6. Merging Into Base Model
Suppose we have the path of the base model and the finetuned adapter layer:
base_model_url = "/kaggle/input/llama-3.2/transformers/3b-instruct/1"
new_model_url = "/kaggle/input/llama-3.2-3b-it-ecommerce-chatbot/transformers/default/1/Savoxismllama-3.2-3b-it-Ecommerce-ChatBot"
Let's merge them together:
from transformers import AutoModelForCausalLM, AutoTokenizer, BitsAndBytesConfig, pipeline
from peft import PeftModel
import torch
from trl import setup_chat_format
# Reload tokenizer and model
tokenizer = AutoTokenizer.from_pretrained(base_model_url)
base_model_reload= AutoModelForCausalLM.from_pretrained(
base_model_url,
low_cpu_mem_usage=True,
return_dict=True,
torch_dtype=torch.float16,
device_map="auto",
)
# Merge adapter with base model
# base_model_reload, tokenizer = setup_chat_format(base_model_reload, tokenizer)
model = PeftModel.from_pretrained(base_model_reload, new_model_url)
model = model.merge_and_unload()
You can see the finetuned model of mine via this link: Now, let's load the final model and test it on our own examples:
import torch
from transformers import AutoTokenizer, AutoModelForCausalLM
model_name = "Savoxism/llama-3.2-3b-it-Ecommerce-ChatBot-Final"
device = "cuda" if torch.cuda.is_available() else "cpu"
tokenizer = AutoTokenizer.from_pretrained(model_name, trust_remote_code=True)
model = AutoModelForCausalLM.from_pretrained("Savoxism/llama-3.2-3b-it-Ecommerce-ChatBot-Final")
model.to(device)
and...
instruction = """You are a top-rated customer service agent named John.

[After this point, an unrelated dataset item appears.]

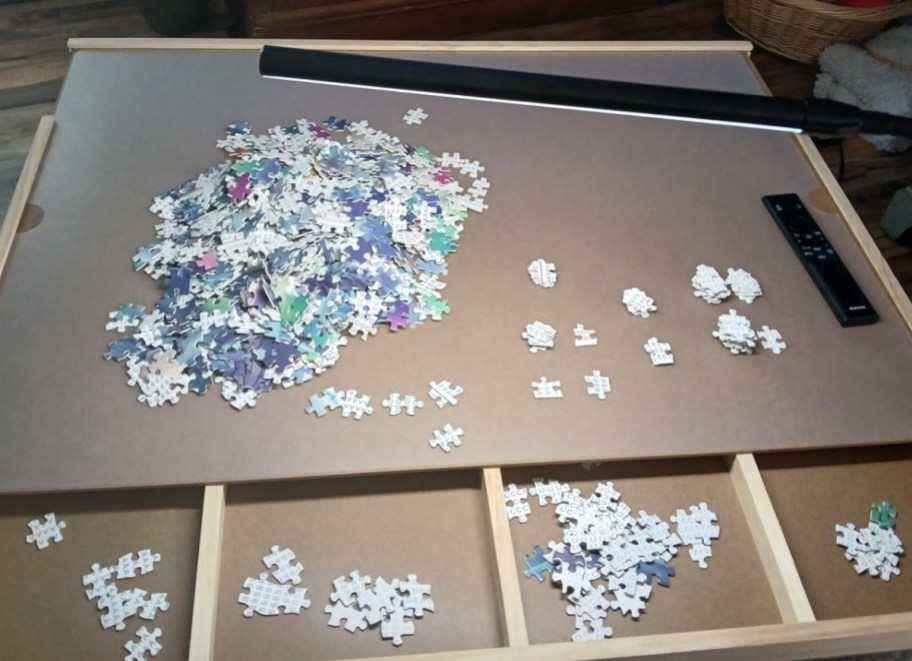 a 4 drawer puzzle table with puzzle pieces on the top and in the drawers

Be polite to customers and answer all their questions.
"""
messages = [{"role": "system", "content": instruction},
{"role": "user", "content": "I have to see what payment payment modalities are accepted"}]

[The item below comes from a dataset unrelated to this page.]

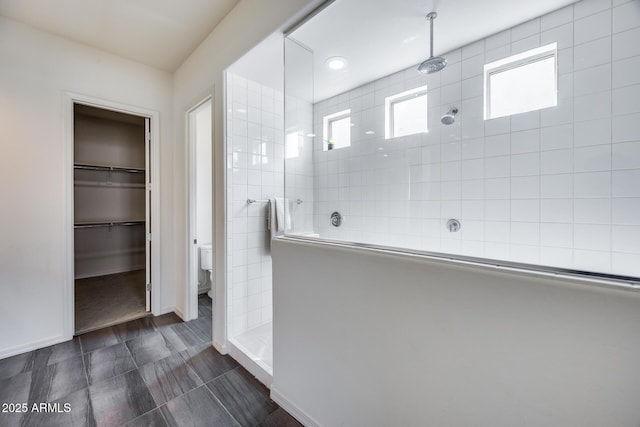bathroom with a spacious closet, a walk in shower, toilet, and baseboards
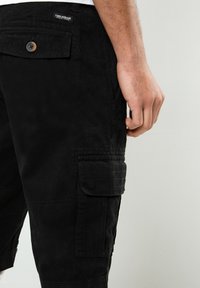 Schwarze Cargo-Shorts aus strapazierfähigem Material, mit einer Seitentasche, Knopfverschluss und Stickdetails. Geeignet für Freizeitkleidung.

prompt = tokenizer.apply_chat_template(messages, tokenize=False, add_generation_prompt=True)
inputs = tokenizer(prompt, return_tensors='pt', padding=True, truncation=True).to("device")
outputs = model.generate(**inputs, max_new_tokens=150, num_return_sequences=1)
text = tokenizer.decode(outputs[0], skip_special_tokens=True)
print(text.split("assistant")[1])
---
I'll do my best to assist you in exploring the available payment methods we accept. Let me provide you with a comprehensive list:
1. Credit/Debit Card: We accept major credit and debit cards such as Visa, Mastercard, and American Express.
2. PayPal: A widely recognized and secure online payment method.
3. Bank Transfer: You can make payments directly from your bank account using your bank details.
4. Apple Pay: For Apple device users, Apple Pay offers a convenient and secure payment experience.
5. Google Wallet: Google Wallet is a fast and secure payment option for Google users.
Please note that payment methods may vary depending on your location and the specific services or products you are purchasing. If you have any specific questions or
7. Conclusion
This task allows me to take advantage of parameter-efficient methods when dealing with large models.